ST. LOUIS -- All those runaway wins, it's hard for unbeaten Wichita State to pick a favourite.
Blowouts have become the norm for the Shockers. It keeps them loose during games and after.
"I can't remember which one was our best game, but if you think so, then OK," point guard Fred VanVleet said after the second-ranked Shockers encountered little resistance in a 67-42 rout of Missouri State in the Missouri Valley Conference tournament semifinals on Saturday.
Coach Gregg Marshall said he's got a "fun team to watch, a fun team to coach, a fun team to be around." He scoffed at naysayers who might criticize strength of schedule.
"Who can find fault with 33-0? No, I take that back, I know people find fault with 33-0. I don't. I enjoy it," Marshall said. "I've enjoyed it the whole year."
Marshall wrapped up his postgame news conference by complaining about an exposed nail on the table at the podium that caused him to rip his jacket on Friday, and to point out that Tekele Cotton's first name is often mispronounced.
"He's going to be on the cover of Sports Illustrated for the second time in three weeks," Marshall said. "It's not Tekeel, it's Tekale -- like the vegetable."
Cleanthony Early scored 20 points with three 3-pointers and a pair of dunks and Wichita State began celebrating early in the second half. The 22-point romp over Evansville in the quarterfinals had a similar feel.
"Our motto is to 'play angry,"' centre Kadeem Coleby said. "But at the same time we're out there on the court smiling, and we're having fun with each other."
And making life miserable for the opposition.
"They handled us," Missouri State coach Paul Lusk said. "Obviously, we had some guys go down but give them credit. It wasn't a whole lot of fun to sit through."

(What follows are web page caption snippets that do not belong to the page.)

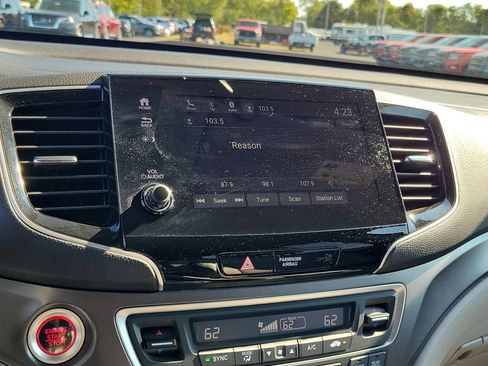 Used 2022 Honda Pilot EX-L image 26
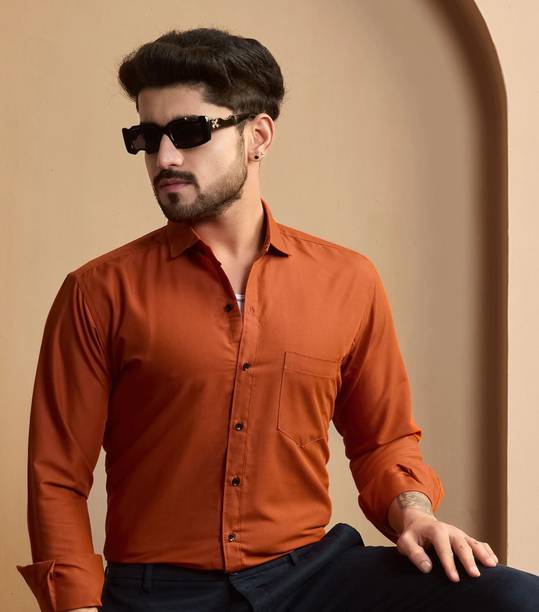 Men Slim Fit Solid Spread Collar Formal Shirt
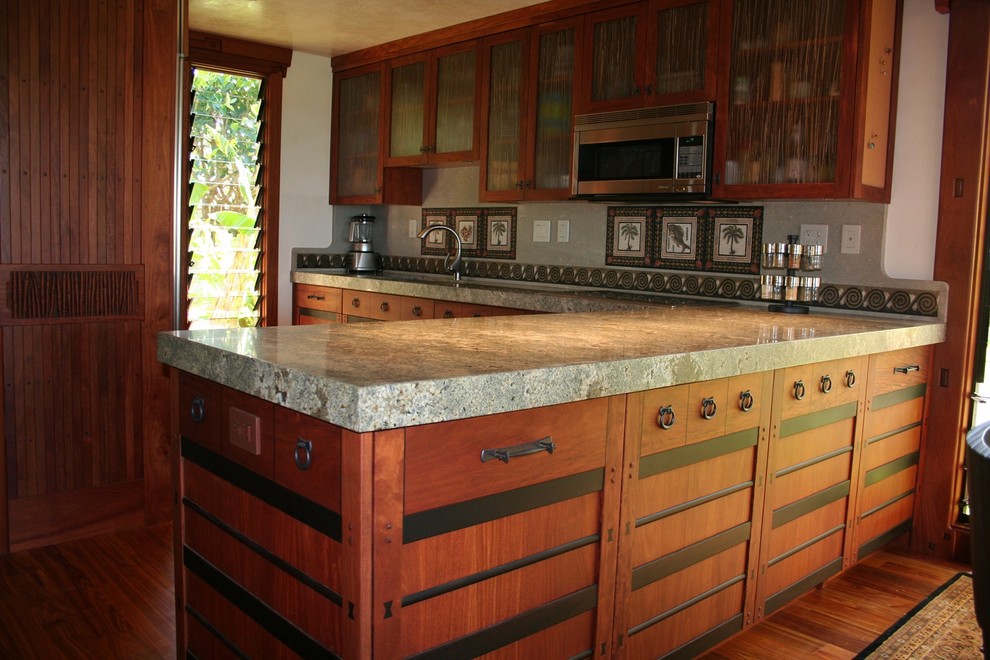 Urige Wohnküche in L-Form mit hellbraunen Holzschränken, Küchenrückwand in Braun, braunem Holzboden und Glasfronten in Hawaii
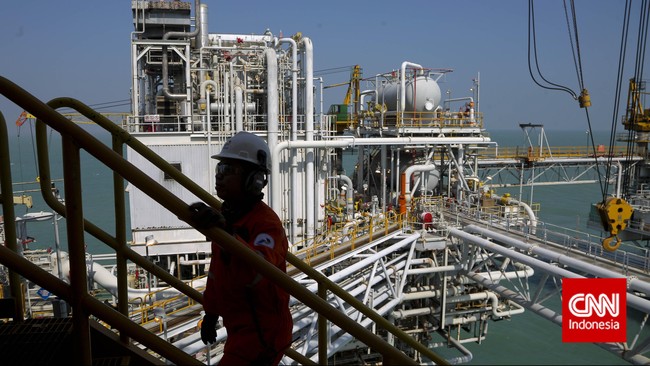 SKK Migas menyatakan lifting minyak nasional per 31 Agustus 2020 tercatat sebesar 706,9 ribu barel minyak per hari atau 100,3 persen melampaui target APBNP.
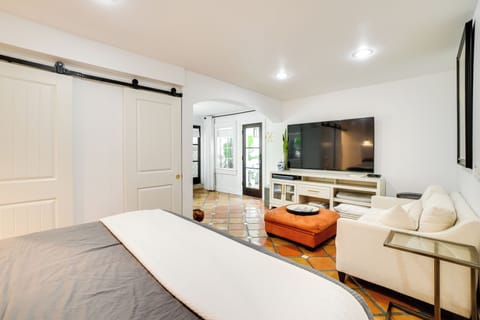 Apartment (0 Bedroom) | Interior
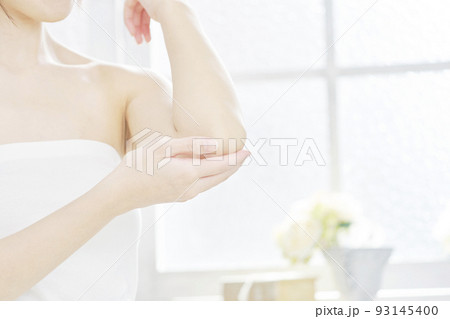 肘のケアをする女性　顔無し 93145400
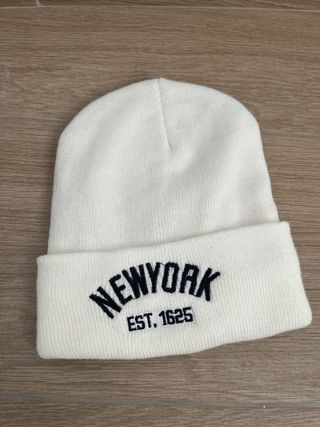 Gorro New York Est. 1625 Blanco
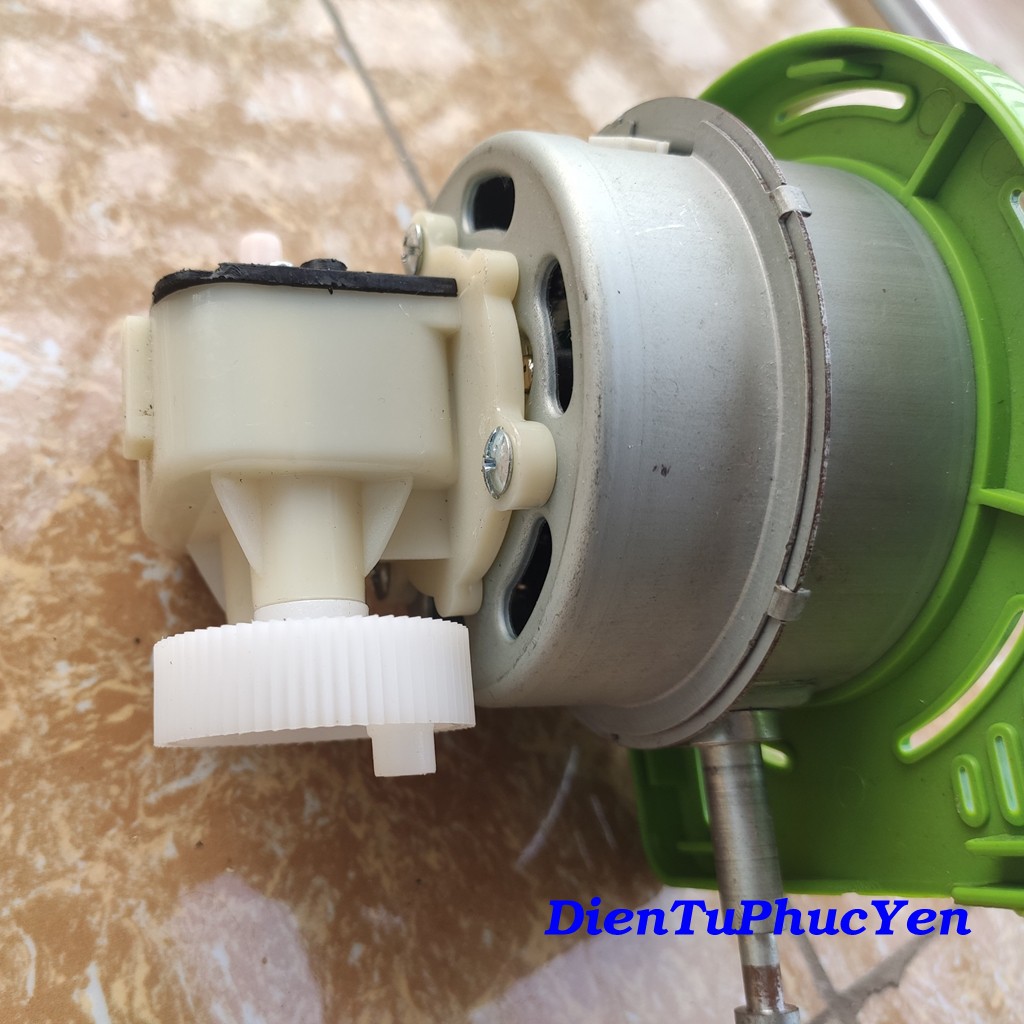 Túp năng - đảo gió quạt điện MD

Jarmar Gulley, who leads the team with a 14.7-point average, had five points in 14 minutes before leaving with a jaw injury. Keith Pickens was scoreless and played three minutes because of a groin injury.
"They're two of our best guys," forward Christian Kirk said. "That's pretty tough."
Cotton also made three 3-pointers for the top-seeded Shockers, who matched the start by Larry Bird and Indiana State in 1979 before they lost to Michigan State and Magic Johnson in the NCAA title game. Wichita State will be heavily favoured against Indiana State or Southern Illinois to make it 34 in a row, which would match the NCAA-record start by UNLV in 1990-91.
Players appear utterly unconcerned.
"I don't know about exactly celebrating what we've accomplished, so to speak, as opposed to thinking about how great we are," said VanVleet, the Valley player of the year. "We don't really blow our heads up like that. We have fun throughout the process.
"If you watched the game, you saw that."
The Shockers, who last won the conference tourney in 1987, took control with a 17-0 run in the first half and topped it with 24 straight points in the second, scoring at will while Missouri State endured droughts totalling more than 15 minutes.
"I want to win very badly, but I would want to beat you at cards if we dealt them tonight," Marshall told a questioner. "That's just the way I'm wired."
Missouri State (21-11) gave Wichita State its closest call in the regular season, losing by three in overtime at home in January after squandering a 19-point lead. The Bears got away with 33 per cent shooting in the quarterfinals against Illinois State but were blown out shooting 31 per cent against the Shockers.
Cotton added 13 points, and VanVleet had nine points and five assists.
Gavin Thurman led Missouri State with nine points. Austin Ruder was held to four points on 2-for-7 shooting after going 6 for 12 from 3-point range and scoring 21 points in the quarterfinals.
Wichita State went to the Final Four as a No. 9 seed last season and is closing in on a No. 1 seed this March.
Early had his two dunks, celebrating a bit on the way back down court each time, and was among seven players scoring during the 24-0 run that made it 61-23 with 8:58 to go.
The Shockers were 8 for 10 from 3-point range in the first half, with five of them coming in the 17-0 run. Marshall said it was actually 8 for 8 because the two misses were with the shot clock about to expire.
"To us, it's just a rush of excitement," guard Ron Baker said.
Missouri State went more than 6 1/2 minutes without a point before Thurman scored in the lane with 2:13 to go in the half. The Bears trailed 33-19 at the half, their lowest first-half scoring output this season.